Google Workspace (G-Suite) is my top choice so far for a dedicated email provider, and I am sure I will find a way to juggle my data between my personal and the business account.

HEY for You

HEY for You is a brand new email service provided by the great team at Basecamp. HEY’s price is almost double than Google Workspace’s at roughly £87 ($120 - $99 + 20% VAT) per year. The big promise from HEY justifying the high price is that it revolutionizes how you use email, taking some modern techniques cued from social media services (e.g. The Feed, the Just let it flow philosophy), and avoids adding “management features” in an effort to make email simple.

HEY for You home page

I read through the whole feature list and watched the YouTube videos presenting HEY, and it’s quite intriguing. Having said that, I think that one of the reasons I am even considering this product at such a steep price is just because of Basecamp, the team, the company. Last year I read three of the books they wrote (Getting Real, REWORK, Shape Up) and loved them, so I might be biased thinking I would like their email product too 😅

I am definitely going to at least signup for the trial and give this a go in the next few days. I haven’t yet pulled the trigger because custom domain support is still only available for Hey for Work, the business version of the service, which is even more expensive.

Google Domains

I stumbled upon this solution today, out of nowhere, while reading some Reddit comments.

Google Domains is Google’s new domain registrar service, still carrying the BETA status. However, today I was pleasantly surprised when I found out that it also provides a free email forwarding service.

As it turns out, you can have up to 100 aliases per registered domain, and each can be forwarded to a different email address, including personal Gmail accounts. I immediately transferred two of my domains to Google Domains and tried the email forwarding feature, and it actually works great 🥳

In addition, according to the docs, email forwarding can also work alongside G-Suite so you can have both enabled at the same time if needed for the same domain.

Email forwarding is obviously not an apples-to-apples comparison to all the services I previously mentioned, but since the original goal was custom domain email address, it fully satisfies my needs.
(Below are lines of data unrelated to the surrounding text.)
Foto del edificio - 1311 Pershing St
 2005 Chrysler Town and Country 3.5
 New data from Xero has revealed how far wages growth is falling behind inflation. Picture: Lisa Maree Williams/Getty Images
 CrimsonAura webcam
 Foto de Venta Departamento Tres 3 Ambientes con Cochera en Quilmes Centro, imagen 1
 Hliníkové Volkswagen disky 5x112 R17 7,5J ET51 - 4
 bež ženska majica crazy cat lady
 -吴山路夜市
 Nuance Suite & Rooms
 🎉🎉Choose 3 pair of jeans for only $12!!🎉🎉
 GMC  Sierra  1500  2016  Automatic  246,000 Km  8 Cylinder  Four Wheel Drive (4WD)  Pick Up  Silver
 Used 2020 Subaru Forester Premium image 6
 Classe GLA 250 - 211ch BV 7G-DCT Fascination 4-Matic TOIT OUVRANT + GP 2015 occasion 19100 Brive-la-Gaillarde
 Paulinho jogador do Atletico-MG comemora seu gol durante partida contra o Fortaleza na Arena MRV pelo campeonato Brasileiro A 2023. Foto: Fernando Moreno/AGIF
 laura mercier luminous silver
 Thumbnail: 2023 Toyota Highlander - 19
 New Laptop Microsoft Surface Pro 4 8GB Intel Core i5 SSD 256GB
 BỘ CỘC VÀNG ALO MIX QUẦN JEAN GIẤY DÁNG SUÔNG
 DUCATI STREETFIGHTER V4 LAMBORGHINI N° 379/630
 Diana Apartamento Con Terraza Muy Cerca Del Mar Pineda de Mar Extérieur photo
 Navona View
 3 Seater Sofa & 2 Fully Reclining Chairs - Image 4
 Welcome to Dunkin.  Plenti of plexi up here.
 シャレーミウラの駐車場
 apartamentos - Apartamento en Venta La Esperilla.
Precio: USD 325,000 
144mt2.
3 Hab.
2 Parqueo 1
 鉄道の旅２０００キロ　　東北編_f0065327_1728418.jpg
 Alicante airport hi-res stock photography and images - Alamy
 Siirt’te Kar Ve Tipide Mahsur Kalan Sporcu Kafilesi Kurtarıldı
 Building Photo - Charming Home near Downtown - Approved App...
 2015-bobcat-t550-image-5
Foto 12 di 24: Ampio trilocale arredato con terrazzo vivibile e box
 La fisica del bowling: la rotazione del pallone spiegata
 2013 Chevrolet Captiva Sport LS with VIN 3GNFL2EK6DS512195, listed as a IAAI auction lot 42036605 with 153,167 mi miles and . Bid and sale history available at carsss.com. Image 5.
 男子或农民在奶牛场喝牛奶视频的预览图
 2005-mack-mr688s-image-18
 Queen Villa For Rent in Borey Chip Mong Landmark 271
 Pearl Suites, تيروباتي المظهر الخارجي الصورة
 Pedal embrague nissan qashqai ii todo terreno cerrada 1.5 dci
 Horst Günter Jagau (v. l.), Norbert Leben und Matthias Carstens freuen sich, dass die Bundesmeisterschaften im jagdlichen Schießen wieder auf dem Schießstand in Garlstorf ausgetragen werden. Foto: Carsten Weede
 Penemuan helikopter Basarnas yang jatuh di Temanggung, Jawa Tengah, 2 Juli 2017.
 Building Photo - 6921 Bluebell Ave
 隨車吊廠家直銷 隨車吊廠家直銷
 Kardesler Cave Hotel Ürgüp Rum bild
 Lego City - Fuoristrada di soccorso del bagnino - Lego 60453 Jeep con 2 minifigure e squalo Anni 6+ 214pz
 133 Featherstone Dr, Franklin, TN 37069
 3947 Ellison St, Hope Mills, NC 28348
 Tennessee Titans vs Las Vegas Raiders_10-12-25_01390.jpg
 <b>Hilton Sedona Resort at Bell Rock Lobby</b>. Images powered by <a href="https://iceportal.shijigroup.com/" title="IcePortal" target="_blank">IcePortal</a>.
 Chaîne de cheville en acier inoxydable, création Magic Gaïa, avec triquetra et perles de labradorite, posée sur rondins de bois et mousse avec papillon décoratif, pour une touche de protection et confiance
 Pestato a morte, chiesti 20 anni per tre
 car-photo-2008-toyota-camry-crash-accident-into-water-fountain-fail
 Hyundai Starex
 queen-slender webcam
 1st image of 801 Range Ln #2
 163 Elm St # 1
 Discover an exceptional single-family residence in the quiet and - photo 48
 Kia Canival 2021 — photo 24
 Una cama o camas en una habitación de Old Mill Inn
I just forward my domain’s email addresses to my personal Gmail address and boom, everything ends up in the same account which is easy to manage, and with the ability to send and reply emails using the domain address it’s complete.

Conclusion

Google Domains solved my immediate problem in the best way possible since I don’t have to login and use any other mediocre email provider, I have an amazing spam filter, and it’s all within Gmail which I love.

Having said that, I am still in search for a dedicated offering for my non-personal domains used for some side projects, future mini-businesses. Google Workspaces and HEY are my top two finalists, and I guess I will have to finally tryout HEY before picking the winner.